Friday, June 27, 2008

Good food and friends...

With my first week here coming to an end, I am slowly getting used to things. The major one is that not everyone speaks English, so making due is the name of the game. Everyone is actually apologetic about not speaking English which I find sad because I feel that I really should know their language if I'm going to be living in their country for a while. Regardless, the Turkish people seem to be very nice. Professor Bayram and her students have been very gracious and nice to me. I have gone to lunch with Damla two days in a row. The first day was with her two friends that are in the dept, and today with Zeynep, another girl in our research group. She is trying to expose me to as much Turkish food as possible. We were laughing that it's going to make us both fat.
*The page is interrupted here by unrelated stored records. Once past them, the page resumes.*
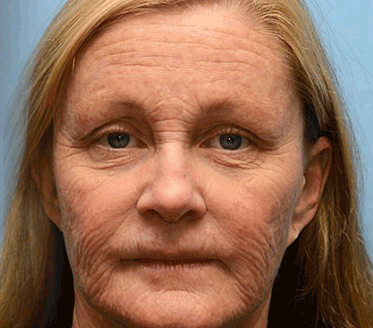 𝑶𝒇𝒇𝒊𝒄𝒊𝒂𝒍 𝑺𝒕𝒐𝒓𝒆👍| Retrouvez une peau jeune maintenant 💫STDEI® BOTOX & VITA A RETINOL SHOT Crème raffermissante anti-rides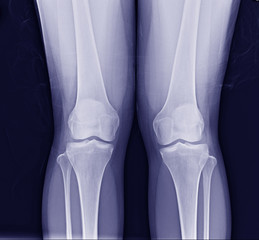 standing both knee views x-ray show normal joint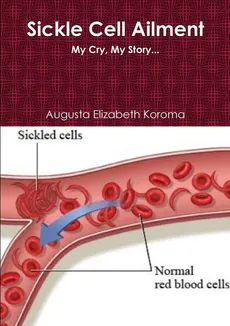 Sickle Cell - Augusta Elizabeth Koroma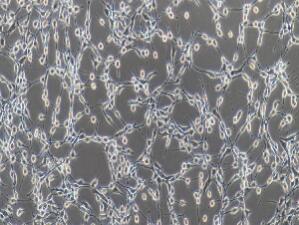 小鼠胚胎成纤维细胞；NIH/3T3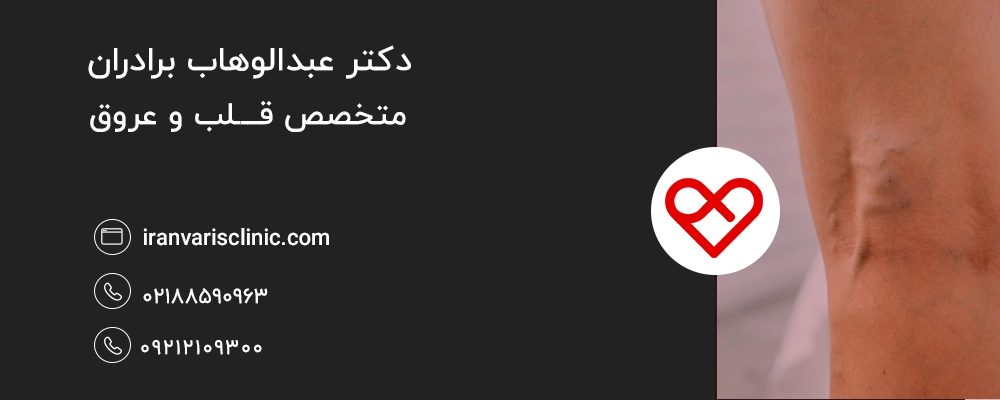 روش‌ های درمان واریس طنابی کدامند؟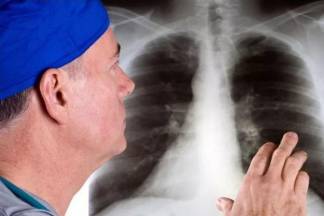Количество смертей от болезней органов дыхания в Мангистауской области подскочило сразу в 2,3 раза за год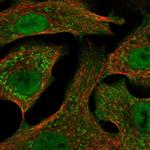 CYP24A1 Polyclonal Antibody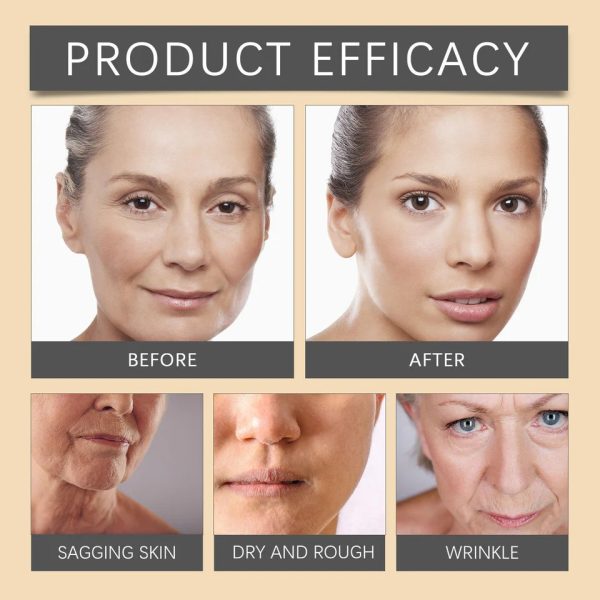 Whitening & Moisturizing Bee Venom Facial Care Cream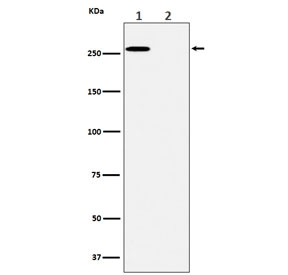 Phospho-ACACA (Ser79) Antibody for WB. Western blot analysis of ACACA / Acetyl-CoA carboxylase 1 phosphorylation in human A431 cell lysate using Phospho-ACACA (Ser79) Antibody - metabolic stress marker (clone 28A12). Lane 1: untreated lysate, Lane 2: lysate treated with lambda protein phosphatase. A band is detected at approximately 260 kDa in the untreated sample, consistent with phosphorylated ACC1, while signal is abolished following phosphatase treatment, confirming phosphorylation-dependent detection at Ser79 and supporting specificity for the inhibited form of ACC1 associated with suppressed lipogenesis.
As far as the food is concerned, everything is wonderful. I really haven't had food like this before. Whatever restaurant you go to here on campus, they seem to really pride themselves in giving you really great tasting food. The choices are always pretty extensive, and the portions are always large. The breakfasts here are different that in the States. Instead of having heavy meals that include anything but vegetables, here in Turkey breakfast consists of small sandwiches with goat cheese, tomatoes, and peppers, or slices of cheese with veggies with a roll. If you want something sweet, there are syrups to go with bagle looking breads. The one in the picture below has a dark and dense filling. It reminds me of something very similar in the States, but it's not coming to mind at the moment. Although, it does remind me of almonds, so maybe someone has a suggestion on what the filling is called.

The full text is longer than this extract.